Why Don't Students Like School?: Improving Classroom Instruction By Focusing On The Mind
By: Scott Aguila, City Year San Jose
In “Why Don’t Students Like School?,” the cognitive scientist Daniel Willingham translates the research on learning into concrete applications for improving classroom instruction. Along the way, he knocks down shibboleths that are widely cherished among educators, with particular critical ammunition reserved for the visual-auditory-kinesthetic theory of learning styles. Well-written and well-researched, Willingham’s book belongs in any teacher’s e-reader because it explains how to get better at teaching by describing both what to do and what not to do. It’s not a book about the brain; it’s a book aimed one level higher, at the mind, and intent on explaining its secrets to the layperson, in order to build a small yet secure bridge across the research-practice divide among scientists and educators.
Willingham neatly distills thirty years of cognitive science into nine principles of learning. These principles hold under a wide range of experimental conditions and are relevant to the work of teachers. More than empty platitudes, these principles give substantive advice to teachers by describing at a functional level how attention, memory, and learning work. But, instead of sweeping across each principle, I will focus my review on Willingham’s discussion of one aspect of human cognition: the fragile nature and frustrating limitations of working memory, where conscious thinking occurs. By focusing on just one part of Willingham’s book, I hope to give you a sense of the greater whole.
Teachers aim, among other things, to improve students’ thinking. But what is thinking? Willingham explains that thinking occurs in working memory, where information from both the environment and long-term memory is combined in novel ways to solve problems. For example, suppose you want to have dinner. Well, you need to gather information from your environment: the available plants and animals in the fridge, the various cooking ware in the drawers, the spices on the spice rack. But you also need to call on the information stored in your long-term memory: in particular, the various recipes you know. These recipes then join up with those food items in your working memory, where you think about the possible meals. You realize that you have chicken, olive oil, broccoli, and garlic, and that you know a recipe using those items. Congratulations, you will soon be enjoying Mediterranean-style fare tonight.
Unfortunately, working memory is fragile and limited. It’s a mental bottleneck that holds only limited amounts of information. If you try to juggle too many mental times at once, then your thinking will become increasingly prone to error. In the classroom, such cognitive unreliability might look like this. Imagine you ask your students to solve a long division problem. That’s a multi-step process (e.g. identify the divisor). It’s also a multi-step process that requires knowing math facts (e.g. 8 x 7); and, if the math is embedded in a word problem, then you also need to decode the words and understand what math it refers to. For a student whose grasp of the appropriate steps, math facts, and reading skills is shaky, it will quickly become cognitively burdensome to keep track of the overall arc of the problem. Thinking will break down.
But wait, there’s hope! Willingham describes two ways of overcoming the limitations of working memory. One way is to use practice to make certain cognitive processes automatic. For example, let’s return to the long division scenario. If you practice your times table so often that it becomes automatic, then you will be able to retrieve (say) “8 x 7” from long-term memory without having to stop and think about it. This will free space in working memory to think about executing the steps needed to solve it.
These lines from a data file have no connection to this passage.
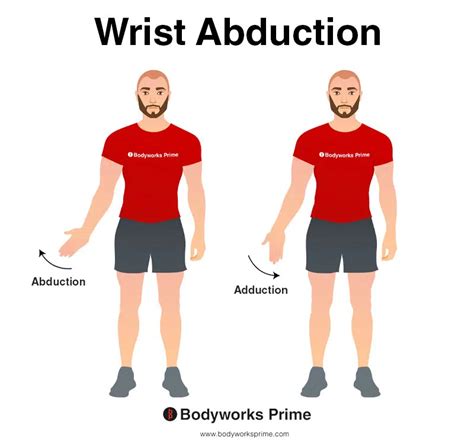 Flexor Carpi Radialis Muscle Anatomy Bodyworks Prime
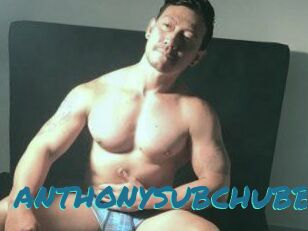 ANTHONYSUBCHUBBY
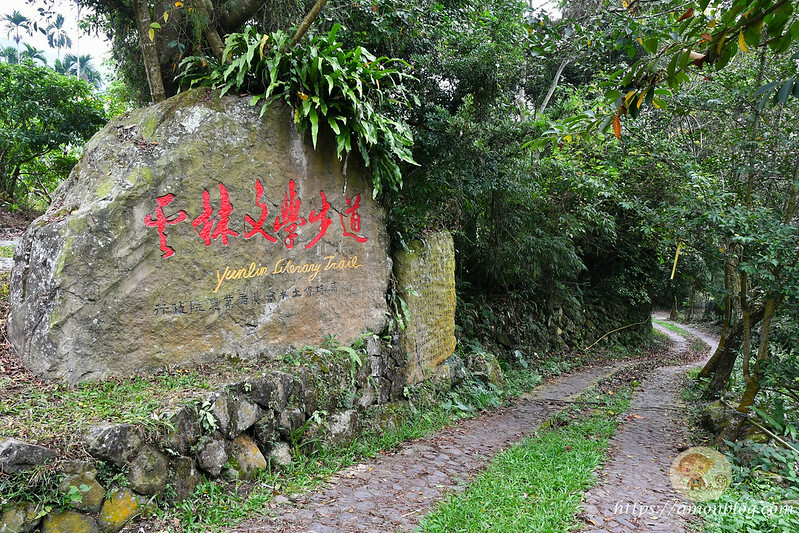 2022台灣咖啡節|雲林古坑最潮夜間咖啡節,巨無霸乖乖初登場、夜間星空咖啡市集、露營風音樂party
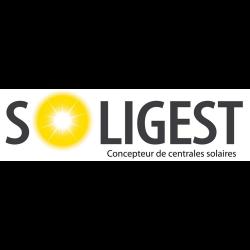 Soligest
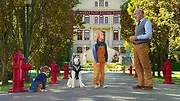 Pup Academy : L'école secrète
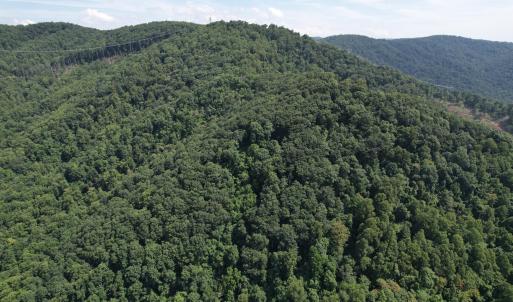 DJI_0204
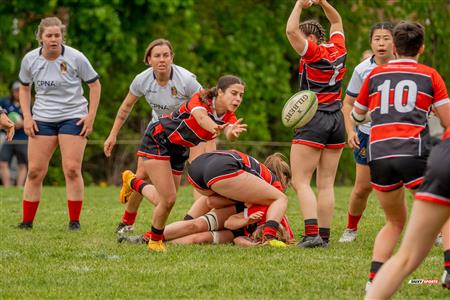 RUGBY QC 2023 (W1) - Beaconsfield RFC (7) VS (38) SABRFC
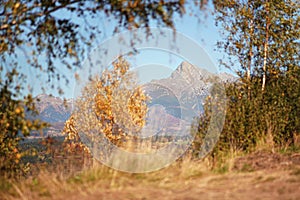 Mount Krivan peak Slovak symbol with blurred autumn coloured trees in foreground, Typical autumnal scenery of Liptov region,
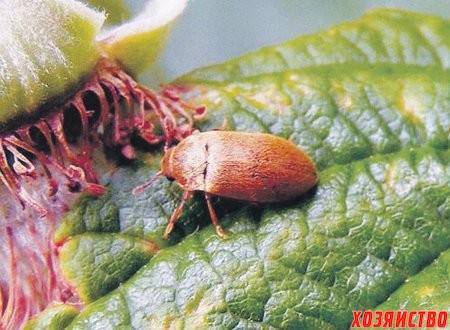 Боремся с малиновым жуком: дельные советы как избавиться от вредителя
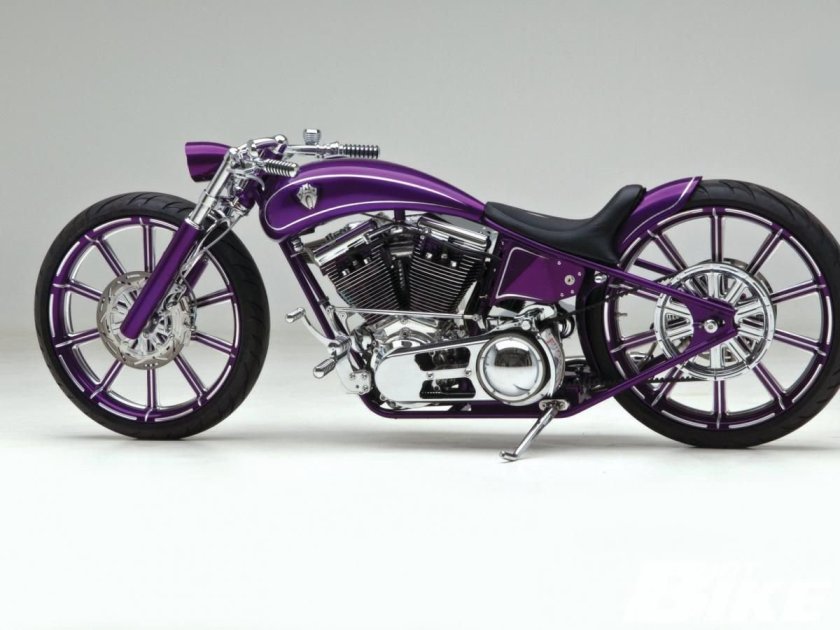 Arlen Ness Custom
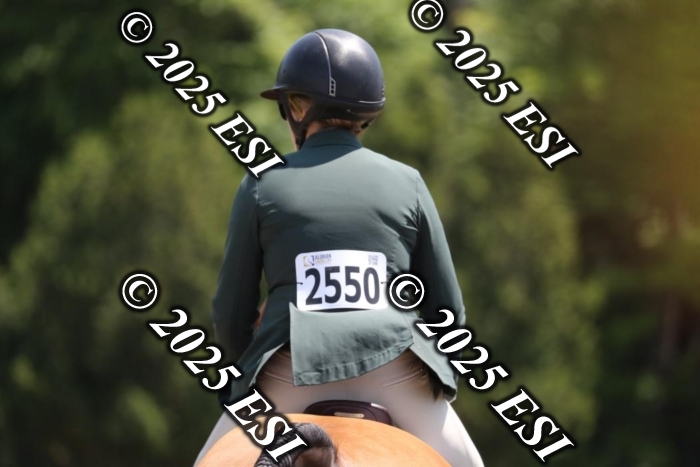 005RWCL0319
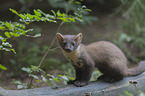 pine marten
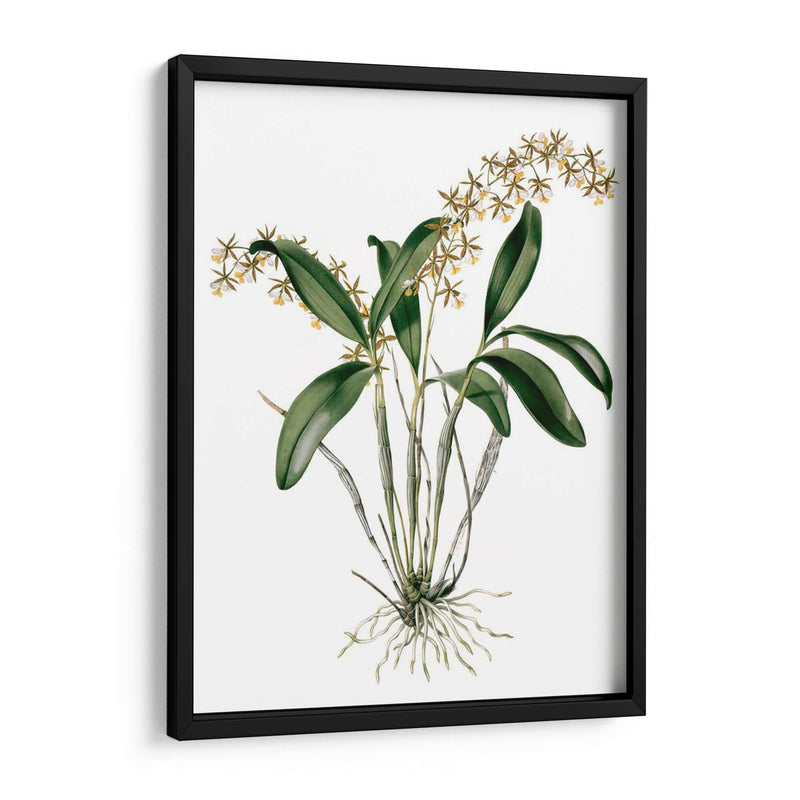 Orquídeas I - Drake | Cuadro decorativo de Canvas Lab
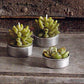 Roost Succulent Tealights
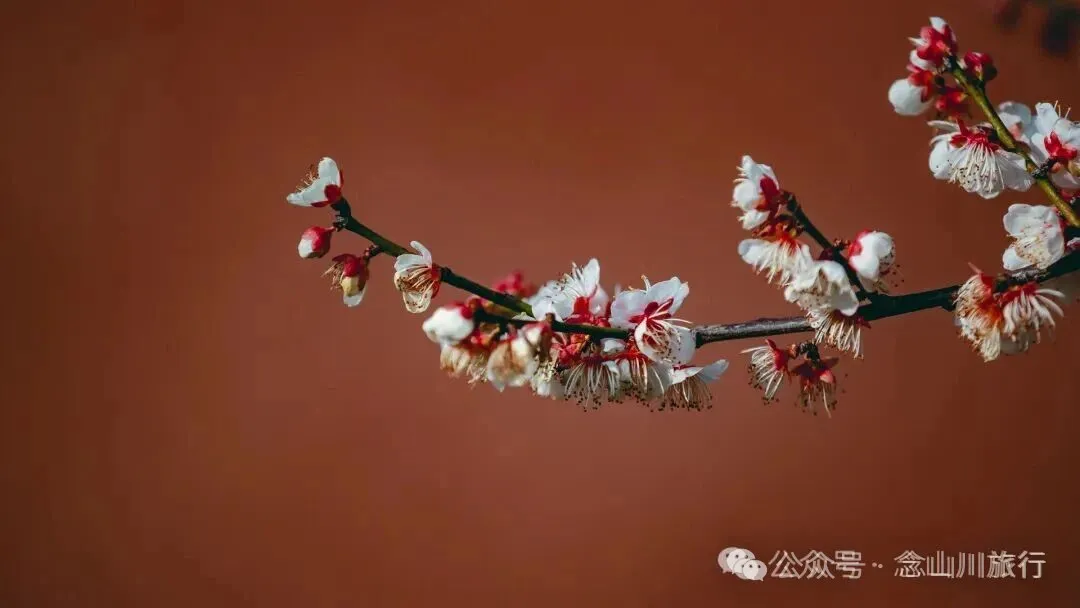 冬日山中赏梅:不喧不争,自有光阴 - 第15张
Otherwise, you risk trying to recall the next step, solve the math fact, or sound out the words, in which case you’re likely to lose the scope and sense of the overall problem.
Besides shrinking the space certain cognitive processes (e.g. retrieving math facts) occupies in working memory, you can also use the power of “chunking” to pack more information into the same amount of space provided by working memory. This means using your background knowledge to group related information into one meaningful unit or “chunk” of information. As a result, your working memory treats that chunk as just one tidy package, not several distinct mental items to keep track of. For example, suppose I ask you to memorize the string of letters, “thecatinthehatsatonthemat.” For the pre-literate child, that’s twenty five letters to memorize: simply too many items to hold in working memory. But, for you, a literate adult, the power of chunking can be used: you can use their knowledge of the alphabet to break the string of twenty five letters into only nine chunks, “The cat in the hat sat on the mat.” Now you only have nine chunks of information to remember, not twenty five discrete items. In this way, we all use our background knowledge about domains to chunk information in order to fit it all into working memory, where we can productively think about those chunks.
Overall, I highly recommend Willingham’s book. It’s substantive, helpful, and full of self-exemplification, partly because the organization of the chapters fits his own advice regarding teaching. You don’t just learn about the cognitive principles: you see the author taking his own advice and using them to inform how he presents the contents of his book.
Scott Aguila is serving as an AmeriCorps Member as a Team Leader for City Year San Jose after previously serving in 2013-2014 and 2012-2013. He graduated from Davidson College with a degree in Philosophy. When talking about his service, he's said it has been immensely rewarding to help students acquire the character, knowledge, and skills needed to become informed, happy, and successful citizens. He looks forward to taking the educational practices he's learned at City Year to the classroom and to be a lifelong learner alongside his students.